Set out the records below again exactly; skip the images.

## DATA UNDER STUDY
· · ·

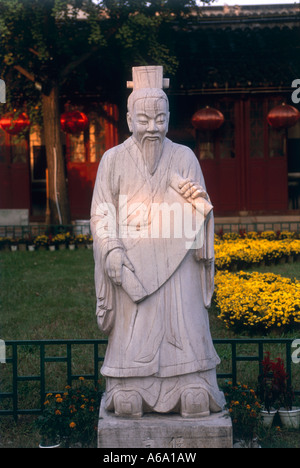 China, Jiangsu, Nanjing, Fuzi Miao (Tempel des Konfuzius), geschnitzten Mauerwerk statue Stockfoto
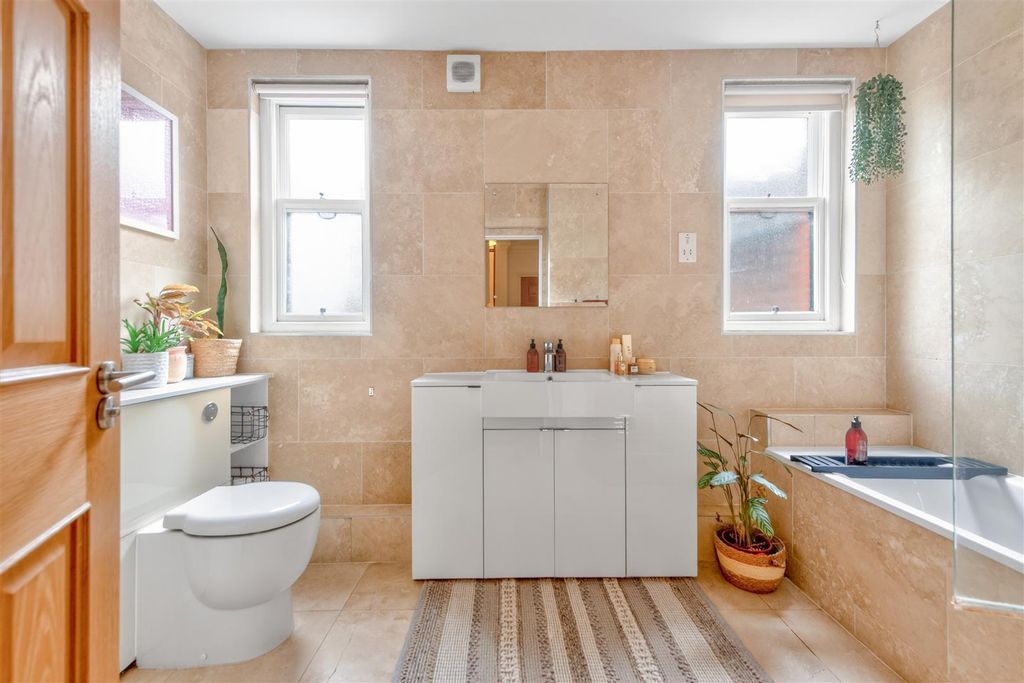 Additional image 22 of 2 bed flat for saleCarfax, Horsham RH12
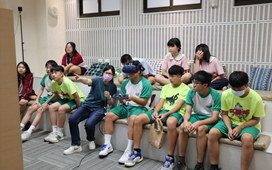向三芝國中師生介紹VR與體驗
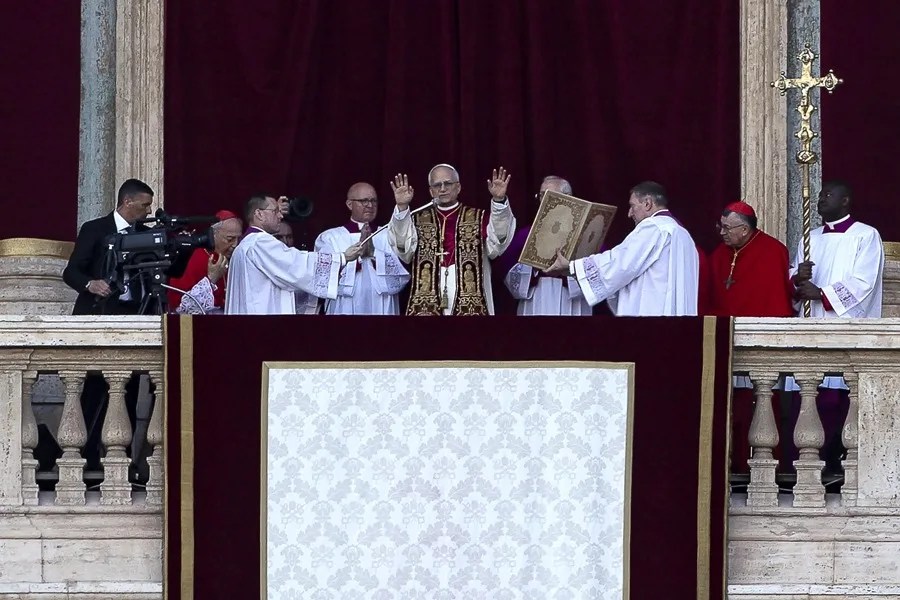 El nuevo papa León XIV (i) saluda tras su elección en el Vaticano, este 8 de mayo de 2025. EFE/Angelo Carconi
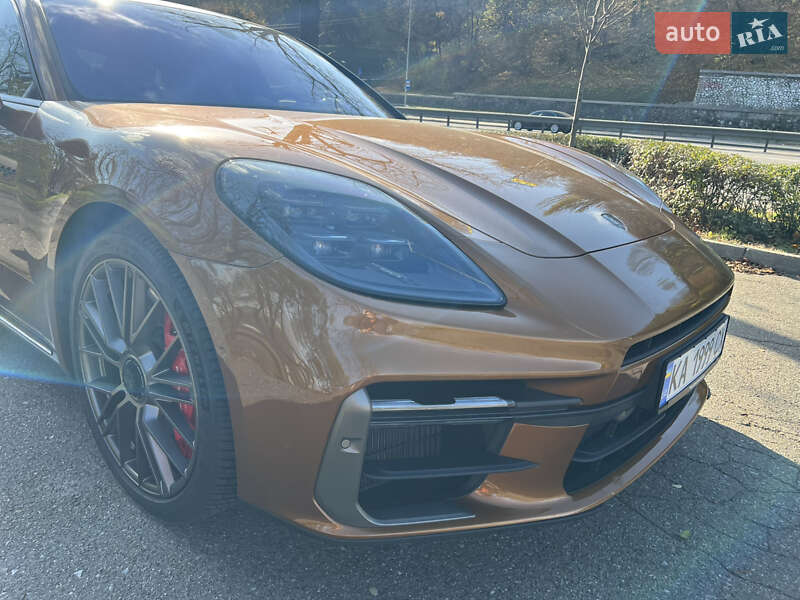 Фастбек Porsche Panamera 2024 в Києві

· · ·

## OUTPUT OF THE TASK
 China, Jiangsu, Nanjing, Fuzi Miao (Tempel des Konfuzius), geschnitzten Mauerwerk statue Stockfoto
 Additional image 22 of 2 bed flat for saleCarfax, Horsham RH12
向三芝國中師生介紹VR與體驗
 El nuevo papa León XIV (i) saluda tras su elección en el Vaticano, este 8 de mayo de 2025. EFE/Angelo Carconi
 Фастбек Porsche Panamera 2024 в Києві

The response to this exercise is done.